# 2012 2.1 comments



## bike981 (Sep 14, 2010)

Looks like the Trek website has been updated to the 2012 models, at least for the most part.

I have been interested in a 2.1, and I see for 2012 the 2.1 is available with 105 or SRAM Apex. The 105, though, is only a triple crank, and the Apex is the usual 50/34 compact but with an 11-32 cassette.

I am by no means a strong rider, but even I can't see the utility of almost 1:1 gearing on the 2.1 Apex. And why not offer the 105 in a 34/50 instead of only a triple?

Also, the Charcoal Ice Green color option for the 2.1 Apex reminds me of the color of shag carpet we had in our house back in the 1970s. Maybe it looks better in person... 

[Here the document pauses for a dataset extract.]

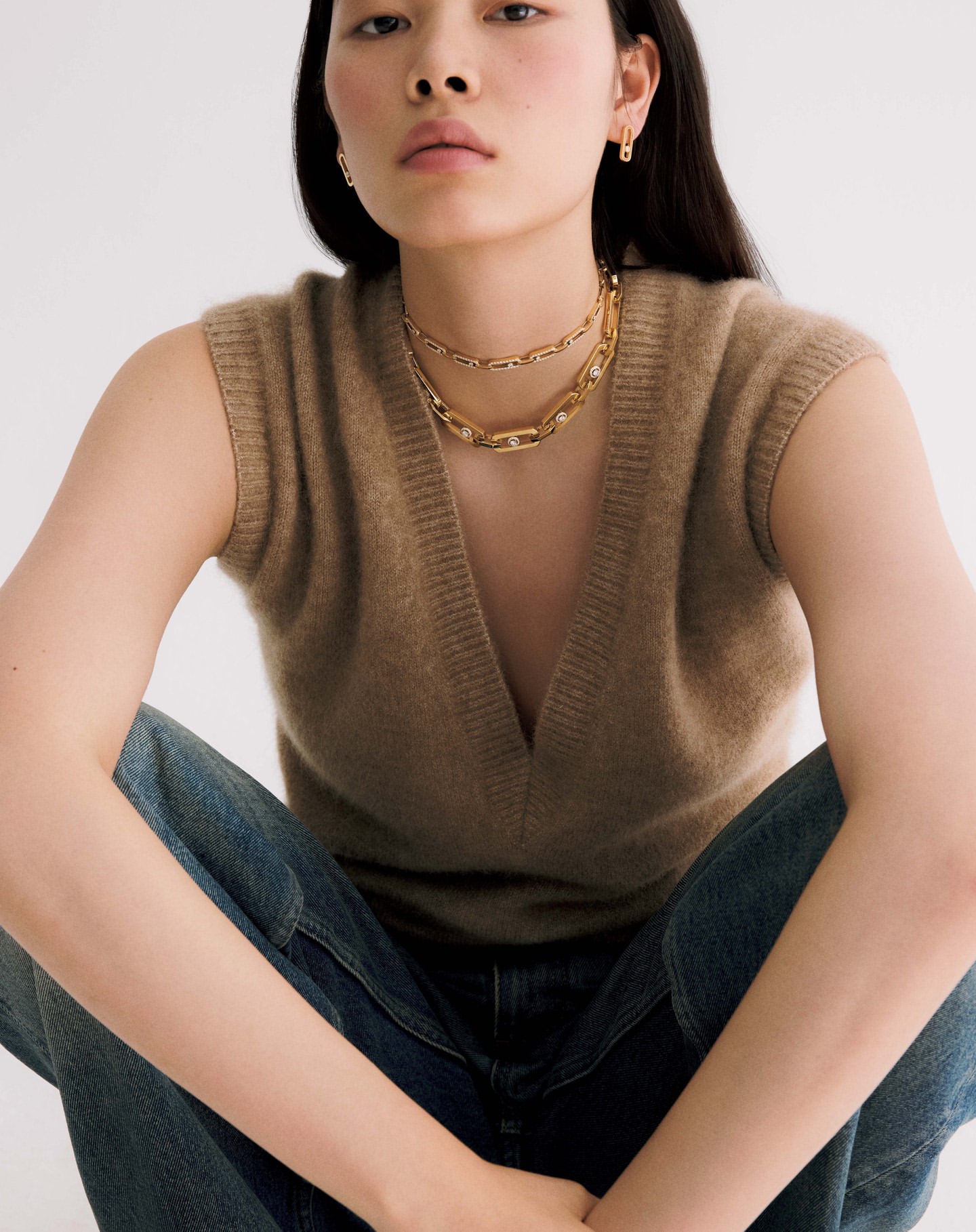 Woman wearing a brown sleeveless V-neck knit sweater and layered gold necklaces against a plain white background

Guess I'll be hoping the LBSs have some leftover 2011 2.1 stock.


----------



## Rob (Mar 3, 2004)

And the 105 has a 12-30 Tiagra cassette. With the triple crank, it has exactly 1:1 gearing - even lower than Apex. I guess if you don't want such low gearing you could swap out the 11-32 cassette on the Apex for something else. There are quite a few Apex cassettes available. If you really want the 105 model you could put a 50/34 on it but that would probably cost more. 

I definitely agree with you about the lovely ( ) green color. I don't normally like black bikes, but in this case it would be my choice.


----------



## fivekabob (Sep 16, 2008)

*Triple with a big casette ring*

I currently ride a 2004 Trek 2100. It came with a 30 granny chainring and 25 cassette. I changed the cassette to a 28 or 27 and at times I really need that gear. Maybe 30/30 is overkill but 30/28 or 27 can be useful. I wonder what it feels like to ride in 30/30 gear and what the top speed would be in not freewheeling. 4.5 MPH?


----------



## Rob (Mar 3, 2004)

fivekabob said:


> I wonder what it feels like to ride in 30/30 gear and what the top speed would be in not freewheeling. 4.5 MPH?


If my quick calculations are correct:

At 90 rpm, speed is about 7 mph.
At 60 rpm, speed is about 4.7 mph


----------



## superjesus (Jul 26, 2010)

For 2012, the 2.1 105 has H3 geometry only, and the 2.1 Apex has H2 geometry only. 

Not sure why the price went up $100 for the Apex model, especially when compared to the 2011 model.


----------



## BCP (Nov 3, 2011)

The green looks far better in person than it does in the advertising - IMO. Maybe I just like odd shades of green, who knows.


----------